== Collected material

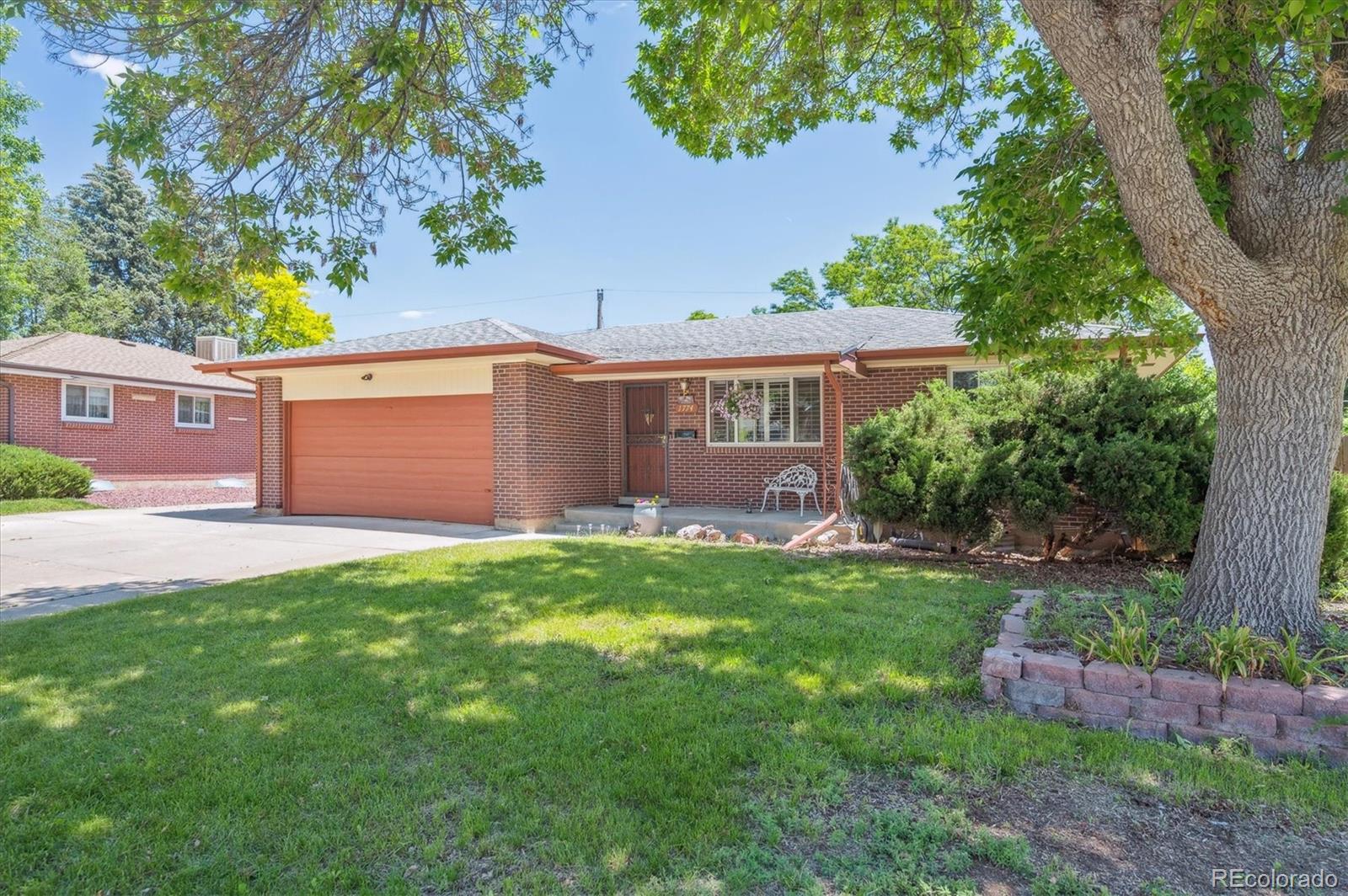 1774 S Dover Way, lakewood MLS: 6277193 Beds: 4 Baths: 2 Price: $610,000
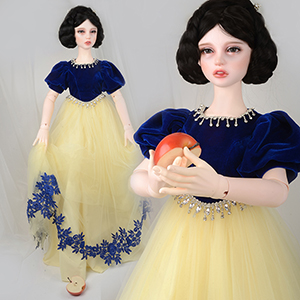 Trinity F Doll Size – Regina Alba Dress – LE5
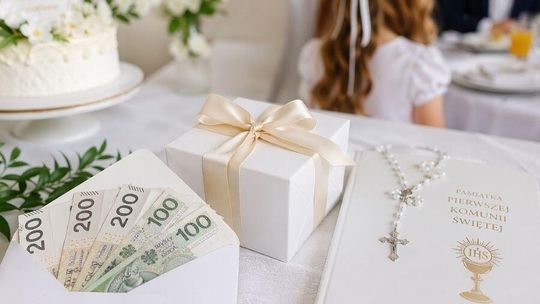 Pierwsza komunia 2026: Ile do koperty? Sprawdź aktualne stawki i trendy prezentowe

====

Goal of the exercise: Everything in the data except the pictures needs to be written out exactly.

Worked solution:
 1774 S Dover Way, lakewood MLS: 6277193 Beds: 4 Baths: 2 Price: $610,000
 Trinity F Doll Size – Regina Alba Dress – LE5
 Pierwsza komunia 2026: Ile do koperty? Sprawdź aktualne stawki i trendy prezentowe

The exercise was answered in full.